Critiche dotte del XX secolo: George Orwell e il linguaggio politico

Nel saggio Politics and the English Language (1946), George Orwell critica l’impoverimento del linguaggio moderno, non solo tra i giovani, ma nella società intera, legandolo a vaghezza e insincerità.

  • Sulla vaghezza:
    “La prosa moderna consiste sempre meno di parole scelte per il loro significato, e sempre più di frasi assemblate come sezioni di una casa prefabbricata per polli.”
    → Riecheggia le critiche odierne a emoji o abbreviazioni come lol.

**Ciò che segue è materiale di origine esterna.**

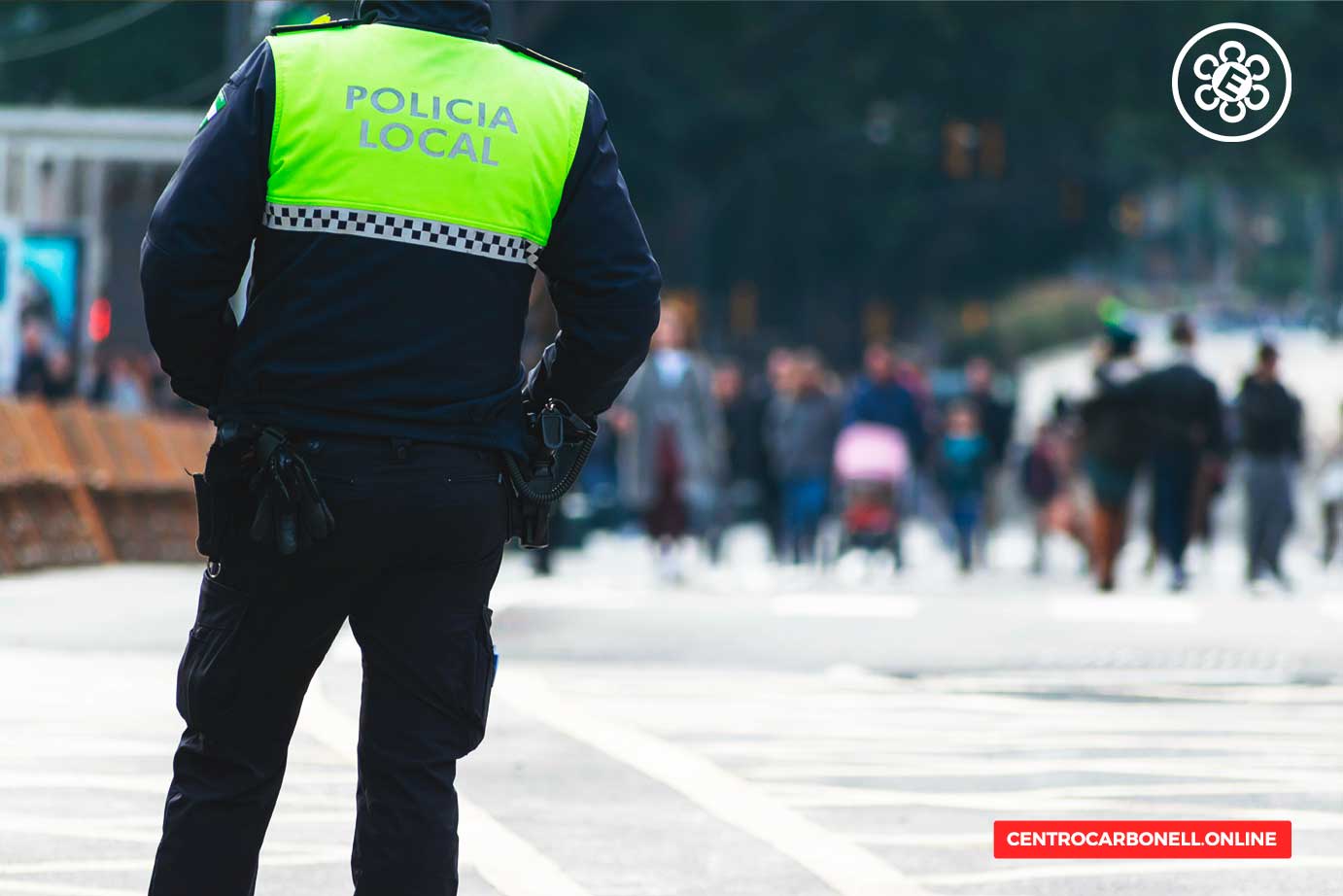 Policía local de espaldas en una calle concurrida, observando a los transeúntes.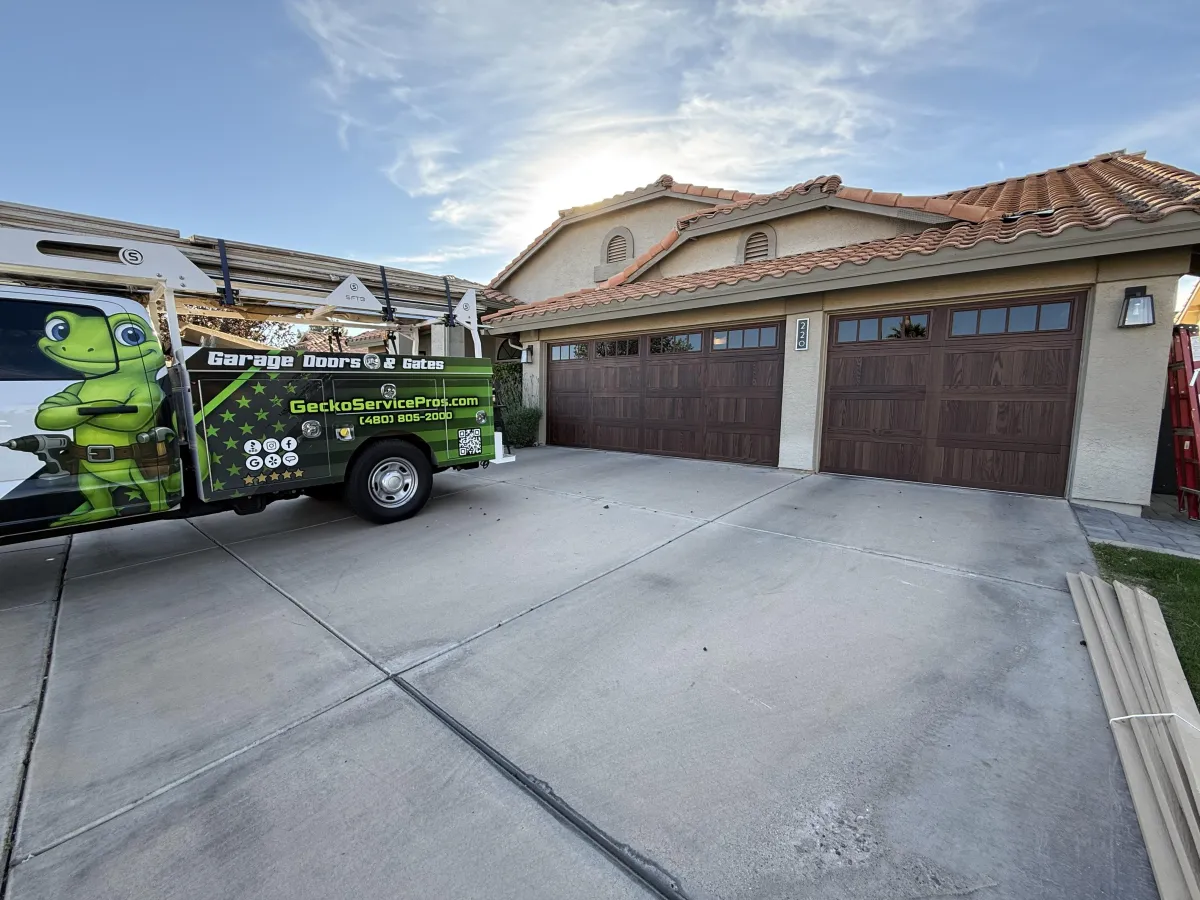 gray wooden door near green plants during daytime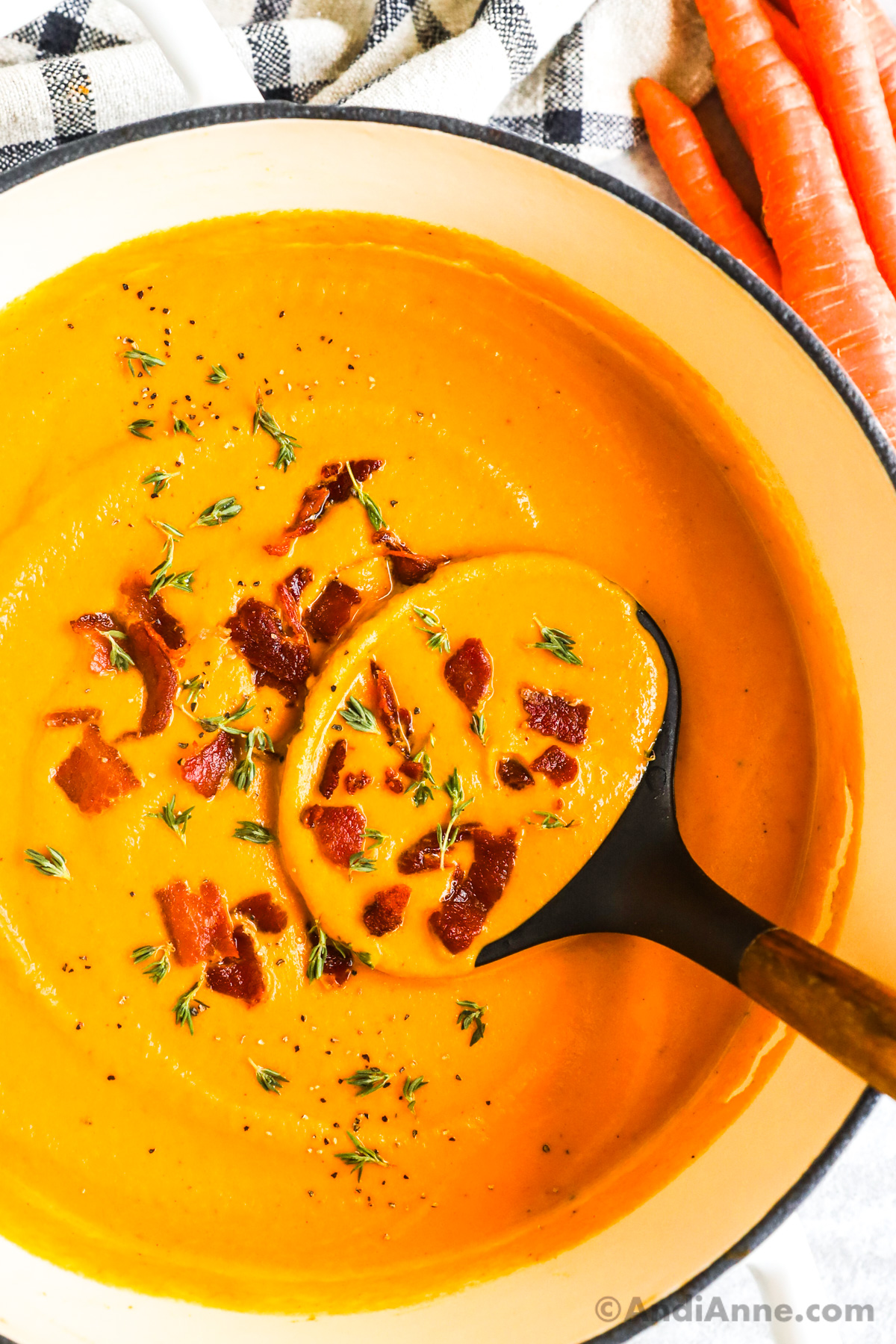 A soup ladle in creamy carrot soup topped with crumbled bacon, fresh thyme and black pepper.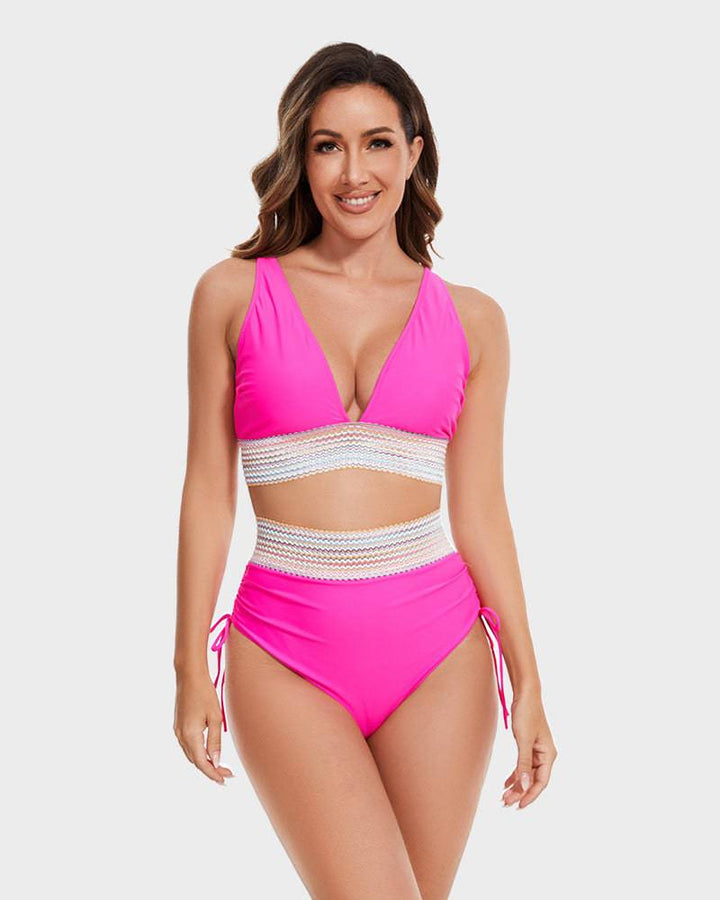 Vibrant women's color block high-waisted bikini set. Tummy control swimwear.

  • Sulla dizione pretensiosa:
    “Parole come phenomenon, element, individual… sono usate per vestire dichiarazioni semplici e dare un’aria di imparzialità scientifica a giudizi distorti.”

  • Sulle parole senza significato:
    “Molte parole politiche sono abusate. La parola fascism ora non significa nulla se non ‘qualcosa di indesiderabile’.”

Orwell conclude che “il grande nemico del linguaggio chiaro è l’insincerità”, ma riconosce che il linguaggio riflette la società – un punto ripreso da linguisti moderni come Guy Deutscher.


Conclusioni e prospettiva attuale

Oggi, con slang come rizz, cap o yeet, le critiche continuano.

Educatori e linguisti lamentano un “impoverimento” dovuto ai social media, ma studi mostrano che i giovani possiedono vocabolari ampi, solo diversificati (es. termini da gaming o meme).

Come negli anni ’80 o nell’antichità, questo è evoluzione, non declino: la lingua si arricchisce con neologismi, e ciò che sembra “povero” oggi diventerà standard domani.

John Lyons, linguista, nota che:

“Qualsiasi standard di valutazione del cambiamento linguistico deve riconoscere le funzioni che la lingua deve svolgere nella società.”


L’uso di “SUPER” come prefisso migliorativo nel linguaggio contemporaneo

Nel linguaggio giovanile italiano, “super” è frequentemente impiegato come prefisso intensificatore per aggettivi e sostantivi, fungendo da superlativo informale ed enfatico.

Esempi: superfigo, superbello, supertop.

Questo uso riflette una tendenza all’intensificazione espressiva tipica del parlato e dei social, dove si cerca brevità e impatto emotivo.

Storicamente, simili meccanismi di intensificazione non sono nuovi: nel latino volgare e nell’italiano antico, prefissi come iper- o archi- servivano allo stesso scopo.

Negli anni ’80, espressioni come mega precedevano super, mostrando un’evoluzione continua. L’Accademia della Crusca sottolinea che questi prefissi arricchiscono il lessico, non lo impoveriscono.


Lo slang contemporaneo: dinamismo online e influenza inglese

Lo slang odierno si diffonde principalmente online, attraverso piattaforme come TikTok, Twitch e Instagram, dove la comunicazione è rapida e visiva.

In Italia, questo slang è ibrido: parole inglesi vengono italianizzate o adottate tal quali, riflettendo una “glocalizzazione” linguistica.

Termini comuni e contesto d’uso

  • Cringe – imbarazzante: “Quel ballo è super cringe!”

  • Crush – cotta: “Ho un crush su quel creator.”

  • Flexare – vantarsi: “Sta flexando il suo nuovo setup su Twitch.”

  • Boomer – persona all’antica: “Sei un boomer se non usi TikTok.”

  • BFFBest Friends Forever: amici inseparabili.

  • G.O.A.T.Greatest of All Time: “Messi è il GOAT.”

Questi termini, come evidenziato in dizionari slang e articoli educativi, non impoveriscono la lingua ma la rendono più espressiva e inclusiva.

Come negli anni ’80 con il valley speak o nell’antichità con i gerghi popolari, lo slang online è un ciclo di innovazione: dinamico, ma resiliente.